Starzl T E, Porter K A, Halgrimson C G, Husberg B S, Penn I, Putnam C W
Ann Surg. 1974 Oct;180(4):606-16. doi: 10.1097/00000658-197410000-00026.
Sixty-four consecutive patients underwent renal homotransplantation 10 1/6 to 11(1/2) years ago, 46 from related and 18 from nonrelated living donors. Thirty-six of these recipients were alive when this series was presented to the American Surgical Assocation in 1965. Now, nine years later, 26 (72%) of the 36 still survive, in 22 instances with function of their original grafts. The 10 who died in the interim tended to have subnormal renal function or graft failure. However, the actual causes of death included 2 or more examples each of myocardial infarction, hepatitis, or other systemic infections. The prognosis for achieving a one decade survival was not obviously related to HL-A tissue match. The best results were with related kidneys, within which subgroup 24 (52%) of the original recipients are still alive. However, there was no particular category of consanguineous donor that had a marked superiority. Only 2 of 18 nonrelated recipients are still alive. All 36 patients who were alive in 1965 had a biopsy of their renal homograft. Kidneys that were destined to function for a decade tended to have relatively minor histopathologic abnormalities. If serious glomerular lesions were found, the outlook for long graft survival was grave. Vascular lesions had a somewhat less serious import. Mononuclear cell infiltration, tubular atrophy, and interstitial fibrosis proved prognostically to be the least significant. Long-term followup of these early cases has shown the durability of chronic renal homografts, particularly if these are from related donors, and has demonstrated the very high degree of rehabilitation that could be achieved even in the early days of renal homotransplantation.
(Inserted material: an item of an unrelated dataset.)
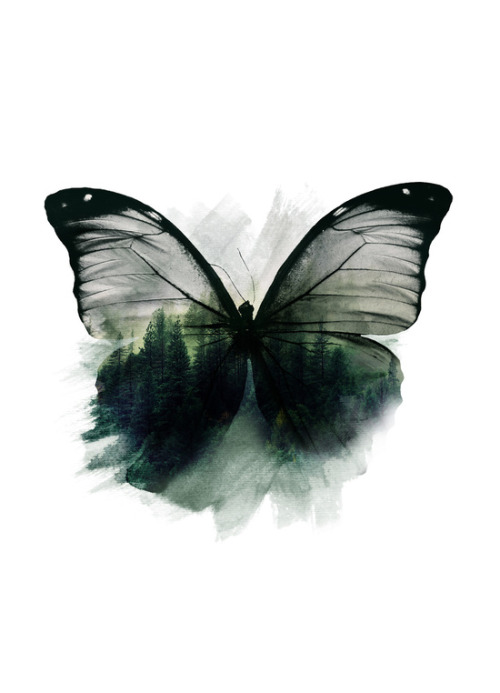 bestof-society6:ART PRINTS BY CAFELAB  Double Butterfly  Bear Brothers  Deer God 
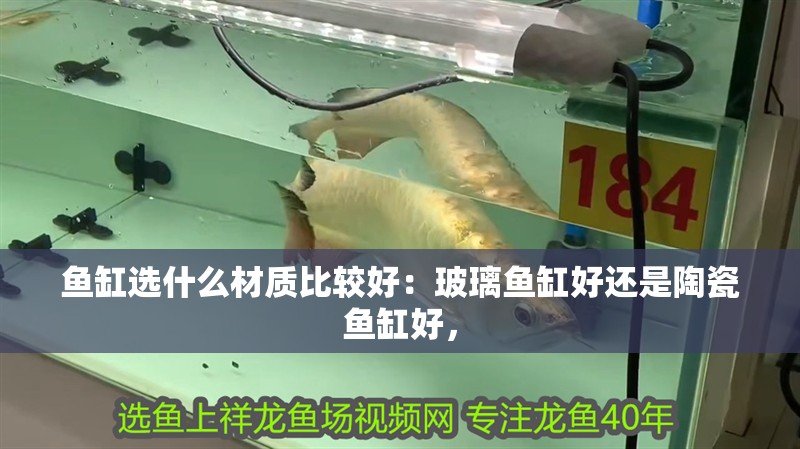 魚缸選什么材質比較好：玻璃魚缸好還是陶瓷魚缸好，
64例患者于10又1/6至11又1/2年前接受了同种肾移植,其中46例供者为亲属,18例供者为非亲属活体。1965年向美国外科协会报告该系列病例时,这些受者中有36例存活。现在,9年后,这36例中的26例(72%)仍然存活,其中22例其原移植肾仍有功能。在此期间死亡的10例患者往往存在肾功能不全或移植肾失功。然而,实际死亡原因包括心肌梗死、肝炎或其他全身感染各2例或更多。实现10年存活的预后与HL - A组织配型无明显相关性。亲属供肾的效果最佳,在该亚组中原受者有24例(52%)仍然存活。然而,没有哪一类有血缘关系的供者具有明显优势。18例非亲属受者中只有2例仍然存活。1965年存活的所有36例患者均对其同种移植肾进行了活检。注定能有10年功能的肾脏往往组织病理学异常相对较轻。如果发现严重的肾小球病变,移植肾长期存活的前景则不佳。血管病变的影响稍小。单核细胞浸润、肾小管萎缩和间质纤维化在预后方面证明意义最小。对这些早期病例的长期随访显示了慢性同种移植肾的耐久性,特别是如果这些移植肾来自亲属供者,并且证明即使在肾同种移植的早期也能实现很高程度的康复。